Segment Start: INFORMATION GIVEN

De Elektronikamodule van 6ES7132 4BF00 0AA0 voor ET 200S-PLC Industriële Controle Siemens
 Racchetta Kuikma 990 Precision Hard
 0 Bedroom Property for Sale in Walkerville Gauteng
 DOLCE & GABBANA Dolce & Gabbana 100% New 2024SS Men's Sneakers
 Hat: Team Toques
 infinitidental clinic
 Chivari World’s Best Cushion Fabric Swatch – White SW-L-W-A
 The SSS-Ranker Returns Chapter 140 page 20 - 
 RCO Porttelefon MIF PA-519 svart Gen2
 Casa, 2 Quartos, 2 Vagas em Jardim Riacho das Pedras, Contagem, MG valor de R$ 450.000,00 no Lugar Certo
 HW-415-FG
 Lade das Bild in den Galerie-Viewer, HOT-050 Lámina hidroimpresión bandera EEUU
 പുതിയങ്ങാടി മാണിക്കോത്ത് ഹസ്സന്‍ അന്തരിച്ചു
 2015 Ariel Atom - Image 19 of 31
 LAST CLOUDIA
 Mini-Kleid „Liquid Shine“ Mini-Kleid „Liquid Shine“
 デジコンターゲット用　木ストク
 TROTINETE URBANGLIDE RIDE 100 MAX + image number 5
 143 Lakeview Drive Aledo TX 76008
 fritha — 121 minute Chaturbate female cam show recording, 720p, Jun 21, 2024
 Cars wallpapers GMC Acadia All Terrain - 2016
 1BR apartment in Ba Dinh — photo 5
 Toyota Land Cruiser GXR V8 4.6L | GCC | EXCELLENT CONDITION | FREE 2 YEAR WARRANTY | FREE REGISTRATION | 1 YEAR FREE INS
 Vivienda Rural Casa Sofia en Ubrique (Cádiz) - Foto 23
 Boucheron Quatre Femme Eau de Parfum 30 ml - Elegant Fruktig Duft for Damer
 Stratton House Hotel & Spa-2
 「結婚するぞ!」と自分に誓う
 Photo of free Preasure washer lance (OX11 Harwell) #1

Segment End: INFORMATION GIVEN

§ PROBLEM DESCRIPTION: Restate word for word only the lines above from the line containing "The SSS-Ranker Returns" to the line containing "2015 Ariel Atom - Image 19 of 31", both of them included.

§ FINISHED TASK:
 The SSS-Ranker Returns Chapter 140 page 20 - 
 RCO Porttelefon MIF PA-519 svart Gen2
 Casa, 2 Quartos, 2 Vagas em Jardim Riacho das Pedras, Contagem, MG valor de R$ 450.000,00 no Lugar Certo
 HW-415-FG
 Lade das Bild in den Galerie-Viewer, HOT-050 Lámina hidroimpresión bandera EEUU
 പുതിയങ്ങാടി മാണിക്കോത്ത് ഹസ്സന്‍ അന്തരിച്ചു
 2015 Ariel Atom - Image 19 of 31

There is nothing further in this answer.